Doesn't make sense to me unless it just isn't profitable.


----------



## GrayFal (Jan 4, 2013)

chriskre said:


> Definitely not what I wanted to be doing on my vacation.
> I can't understand why this timeshare didn't dedicate a room to laundry.
> Doesn't make sense to me unless it just isn't profitable.


Well, you always looked clean when I saw you :whoopie:


----------



## chriskre (Jan 4, 2013)

GrayFal said:


> Well, you always looked clean when I saw you :whoopie:



:hysterical:


----------



## timeos2 (Jan 5, 2013)

chriskre said:


> Definitely not what I wanted to be doing on my vacation.
> I can't understand why this timeshare didn't dedicate a room to laundry.
> Doesn't make sense to me unless it just isn't profitable.



Every square inch in NYC is too valuable to use for non-productive things.


----------



## chriskre (Jan 6, 2013)

timeos2 said:


> Every square inch in NYC is too valuable to use for non-productive things.

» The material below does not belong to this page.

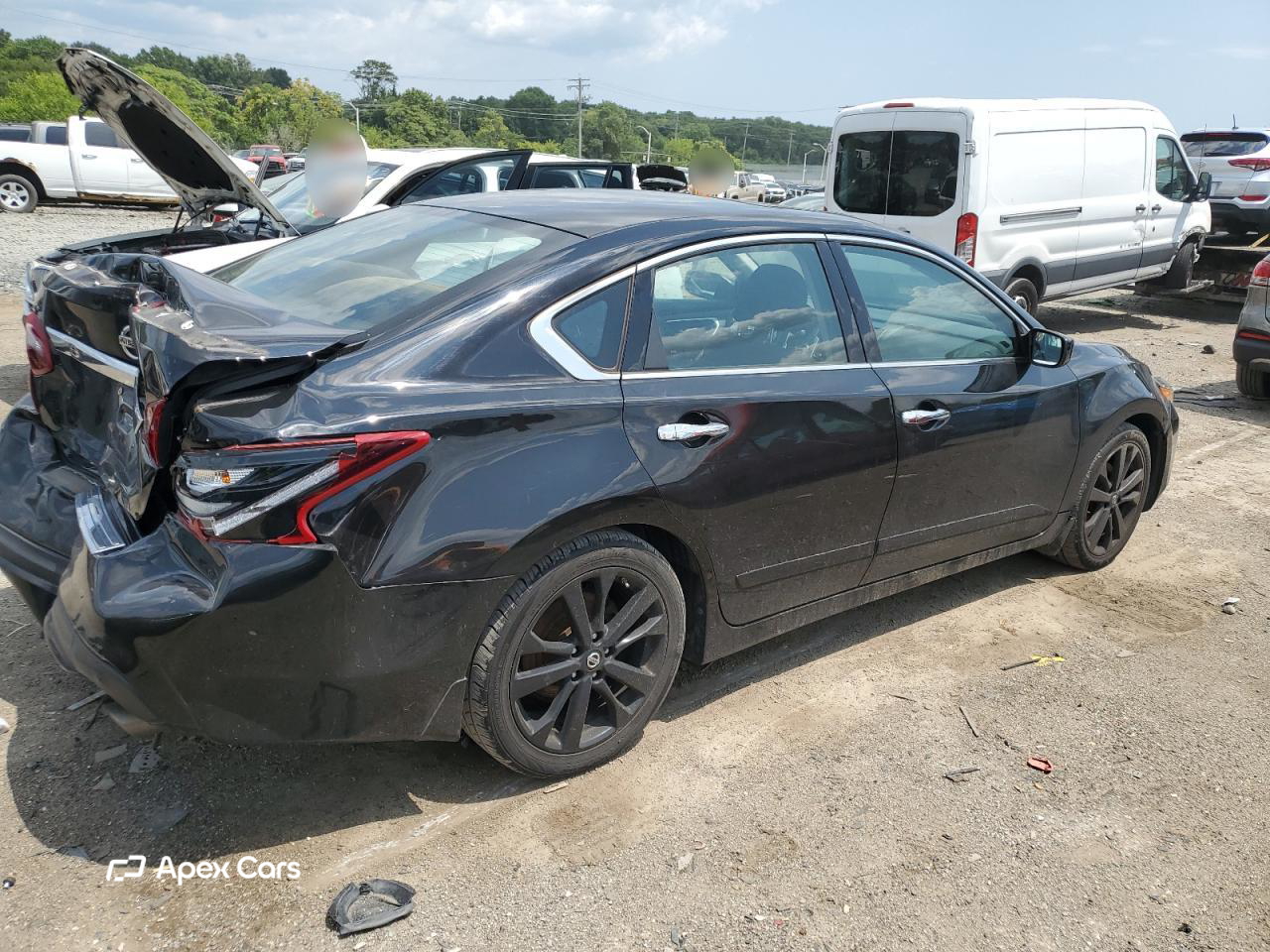 Nissan Altima 2017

Well I don't know about you  but staying clean is on my list of productive things to do in NYC especially if it can be done while I am away touring instead of schlepping to some corner laundrymat.    My room had two bathrooms with just enough room for a stackable. I think they could have fit one if if they hadn't skimped on it.  No excuse at this level of MFs.  No wonder owners are bailing.


----------



## vacationhopeful (Jan 6, 2013)

Okay, will anyone be that close to notice an evil smell coming off your 2nd day worn clothing? I would just figure it was a personal line of defense against muggers and pickpockets in the Big Apple. :ignore:

PS I had a 2 bath unit there also. And a little view of Central Park - bigger view of Essex sign. Enjoy your stay and do everything that you can. It is only money!


----------



## chriskre (Jan 8, 2013)

vacationhopeful said:


> Okay, will anyone be that close to notice an evil smell coming off your 2nd day worn clothing? I would just figure it was a personal line of defense against muggers and pickpockets in the Big Apple. :ignore:
> 
> PS I had a 2 bath unit there also. And a little view of Central Park - bigger view of Essex sign. Enjoy your stay and do everything that you can. It is only money!



Ya know it's a Florida thing.  
We never wear our clothes two days in a row or ever more than a day without washing them.  

I am shocked to see things like on Dr. Oz the other day when he said that people don't wash their jeans every time they wear them, but once a week.  

You just can't get away with that down here so it never occured to me to try it up there.  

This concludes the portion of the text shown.